There’s no simple fix to the compounded injustice that plagues our state, and our nation. Some states have moved to merit selection of judges. That would be a start. The House Judicial Committee will be hearing testimony Tuesday about HB 1336, which would remove the three statewide courts (Supreme, Superior, and Appellate) from partisan elections. 

Then there’s the statewide budget: we’re more than 100 days into a budget impasse between the PA legislature and governor. Buried in all the partisan spin is the reality that the budget proposed by the legislature provides ample funding for prisons and little redress of major cuts to education which have left Pennsylvania with the most inequitable school funding in the country.

Add to that a complex structure of laws that strip poorcitizens of their rights while protecting the affluent and well connected, and a legislature far more interested in preserving partisan power than addressing inequities of education, policing, or access to justice.

Again, I pause to listen to the voices in my head: you think too much.

Really, who can expect us to pay attention to this?

What does anyone know about voting for judges, or legislators, or any other of the myriad of offices Pennsylvania sends our way for election?

That’s the hoped for response.

From the two-party machine that works hard to keep us voting the party line.

From the party leaders who reward compliance with nominations and legislative leadership positions.

From the deep pockets that fund the process in expectation of allegiance from judges and legislators who dance to keep them happy.

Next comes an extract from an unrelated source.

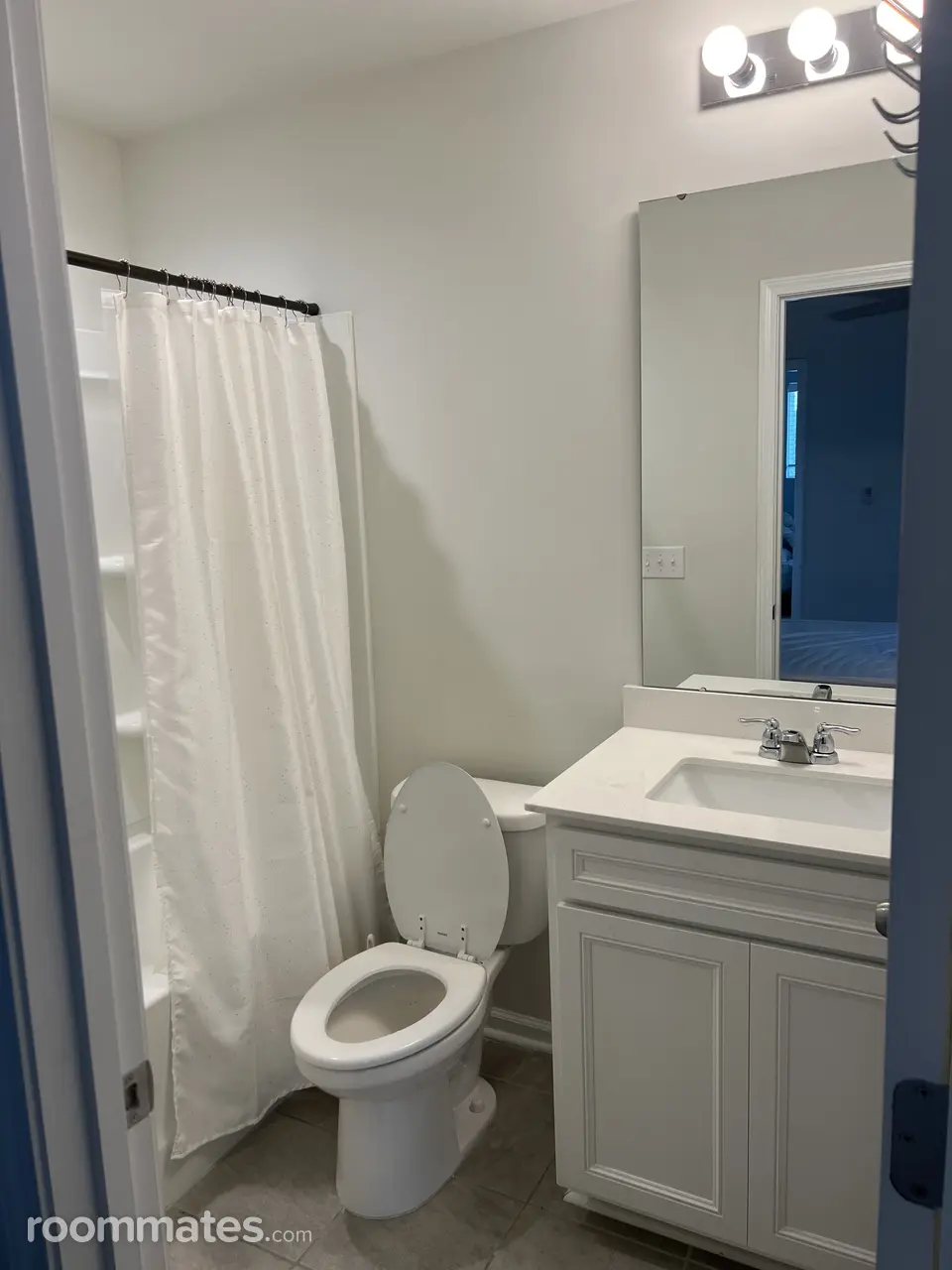 Profile photo 4 of 7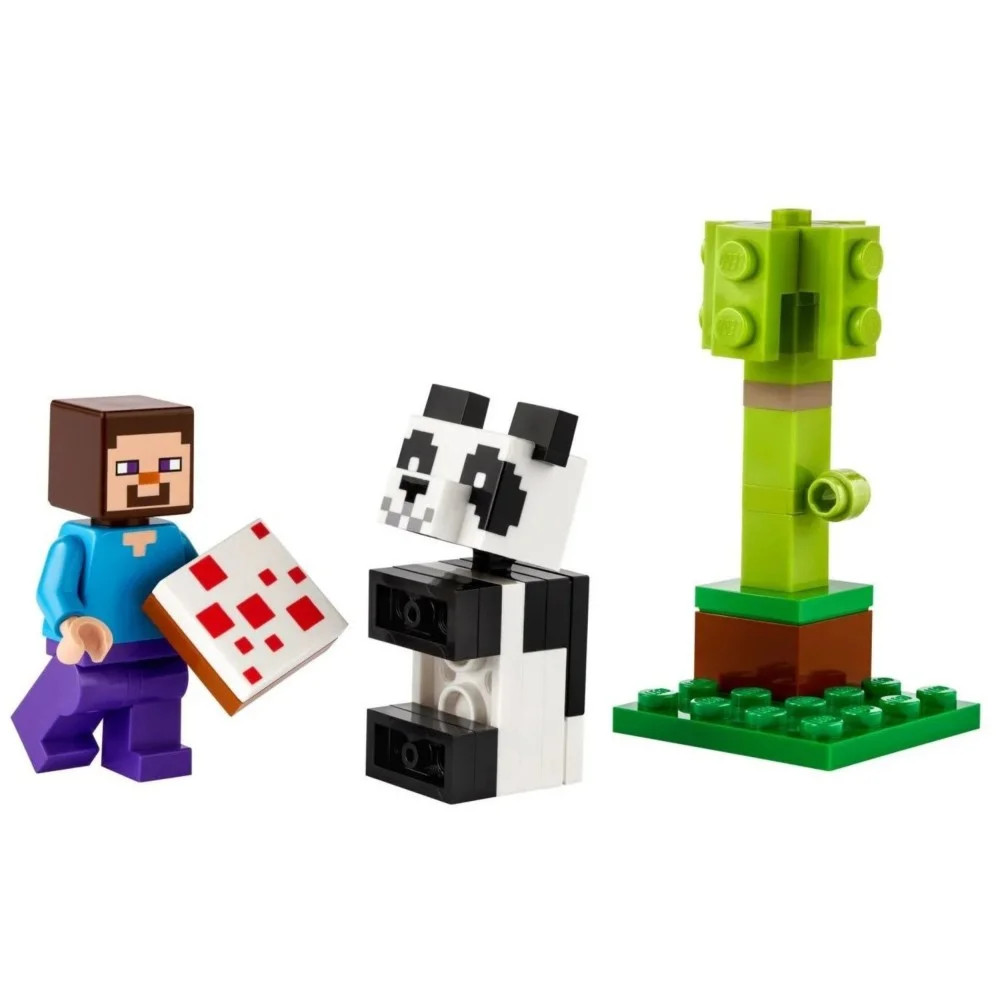 Zestaw Lego Minecraft ze Stevem, pandą i drzewem. Steve trzyma ciasto.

Years ago our rector Martyn Minns, then lead pastor of Truro Church in Fairfax, Virginia, asked the congregation to join him in memorizing Luke 4:18 to 21, Jesus' public reading from Isaiah 61:
“The Spirit of the Lord is on me,
Breaking Chains

    because he has anointed me
    to proclaim good news to the poor.
He has sent me to proclaim freedom for the prisoners
  and recovery of sight for the blind,
to set the oppressed free,
 to proclaim the year of the Lord’s favor.”
Our church had gained recognition for its support for the pro-life movement. Martyn insisted that our care for the weak and powerless should go far beyond that to provision for the homeless, welcome for the stranger, proclamation of freedom for those imprisoned, sturdy opposition to all forces of oppression. 

I’m encouraged to see the Pennsylvania Council of Churches call attention to justice in its annual gathering this week, titled “Lord, Let Our Eyes Be Opened: Breaking the Chains of Mass Incarceration.” 

For those of us who can’t attend, there are still ways to engage.  Our local League of Women Voters started investigating criminal justice in PA last year. Since then, I’ve repented - often - of my years of inattention, and worked hard to understand the issues and possible solutions.

A readable introduction is Human Rights Watch's Nation Behind Bars, which offers a clear overview of the problem, and recommendations for change. 

For a book length discussion, check Michelle Alexander’s highly recommended The New Jim Crow: Mass Incarceration in the Age of Colorblindness.

And there are plenty of organizations providing information and opportunities to engage. I follow DecarceratePA, the Sentencing Project, the Vera Institute of Justice, the Justice Policy Institute, and Justice Fellowship, led for years by a friend, Dan Van Ness, who still attends Truro Church. 

The first step in change is to understand, to pay attention, to care at least a little.

And vote. This year’s election will set the tone of the PA Supreme Court for decades to come.

Check the Pennsylvania Bar Association recommendations found on PAVoteSmart, and link from there to candidates answers to questions. Find out more through the League of Women Voters of PA’s statewide Voters’ Guide.

 Justice matters.

There are lives hanging in the balance.